PROBLEM TO SOLVE:
Return the material exactly, first line through the line containing "Figura 1: precauciones", and nothing more. Pictures stay out.

SOURCE MATERIAL:
----------
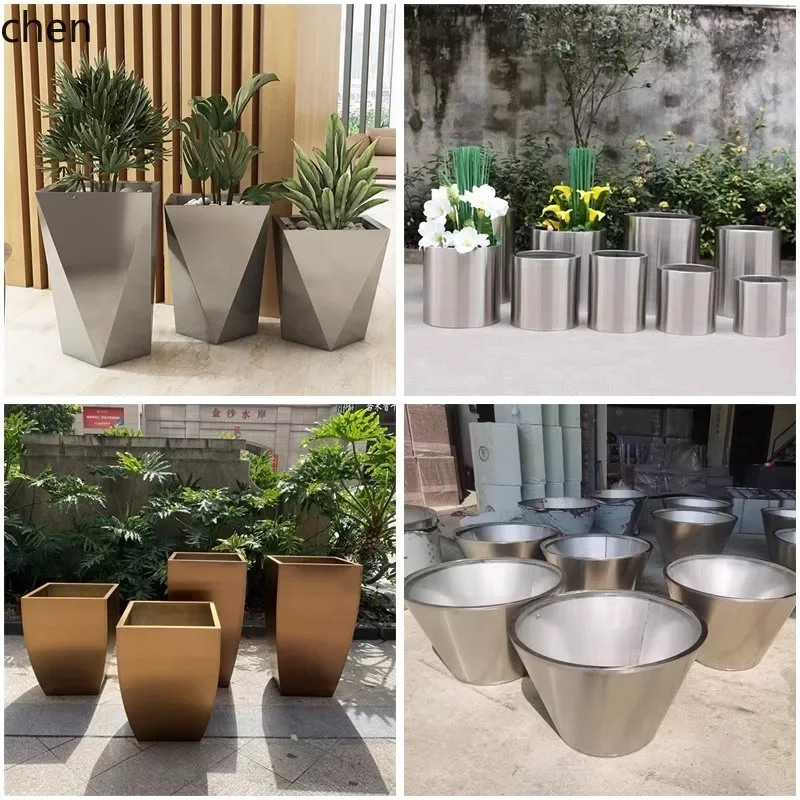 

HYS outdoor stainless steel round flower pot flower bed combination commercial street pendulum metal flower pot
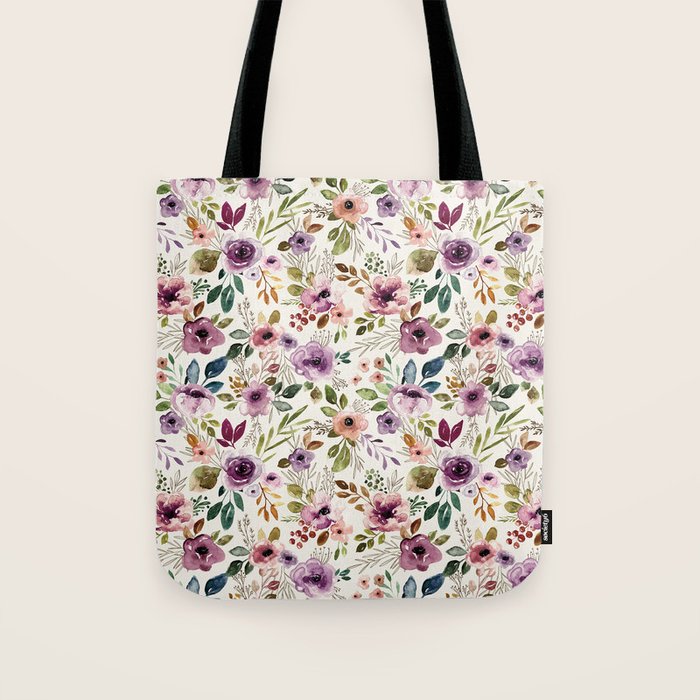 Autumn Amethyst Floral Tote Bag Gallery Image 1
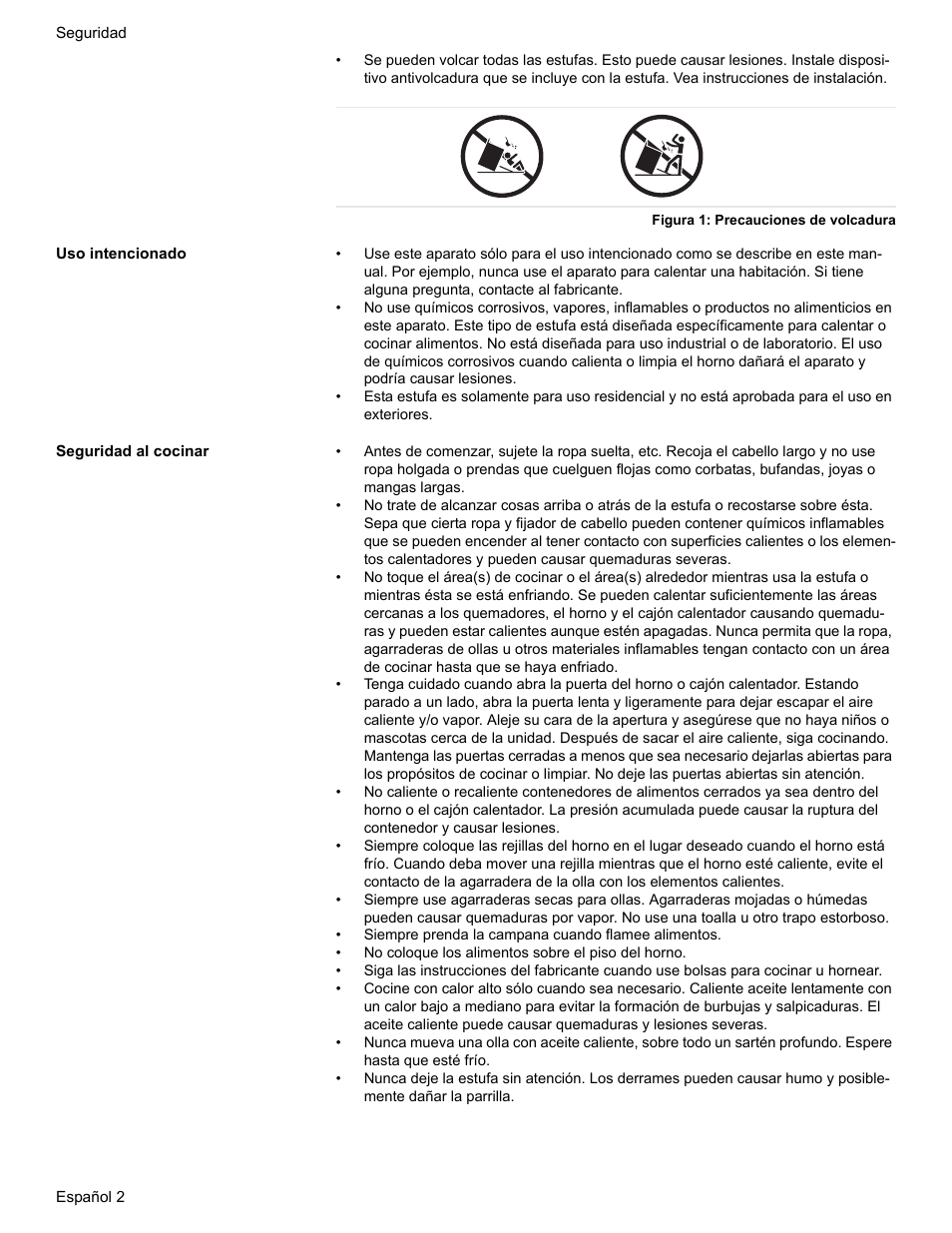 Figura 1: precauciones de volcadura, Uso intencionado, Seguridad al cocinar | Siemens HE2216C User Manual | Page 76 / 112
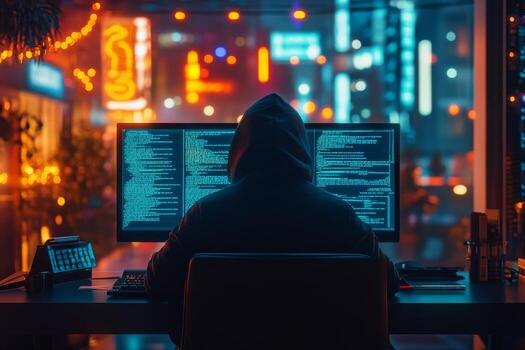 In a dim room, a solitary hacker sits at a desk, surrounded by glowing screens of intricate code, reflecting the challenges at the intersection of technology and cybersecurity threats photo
----------
YOUR RESPONSE:
HYS outdoor stainless steel round flower pot flower bed combination commercial street pendulum metal flower pot
 Autumn Amethyst Floral Tote Bag Gallery Image 1
 Figura 1: precauciones de volcadura, Uso intencionado, Seguridad al cocinar | Siemens HE2216C User Manual | Page 76 / 112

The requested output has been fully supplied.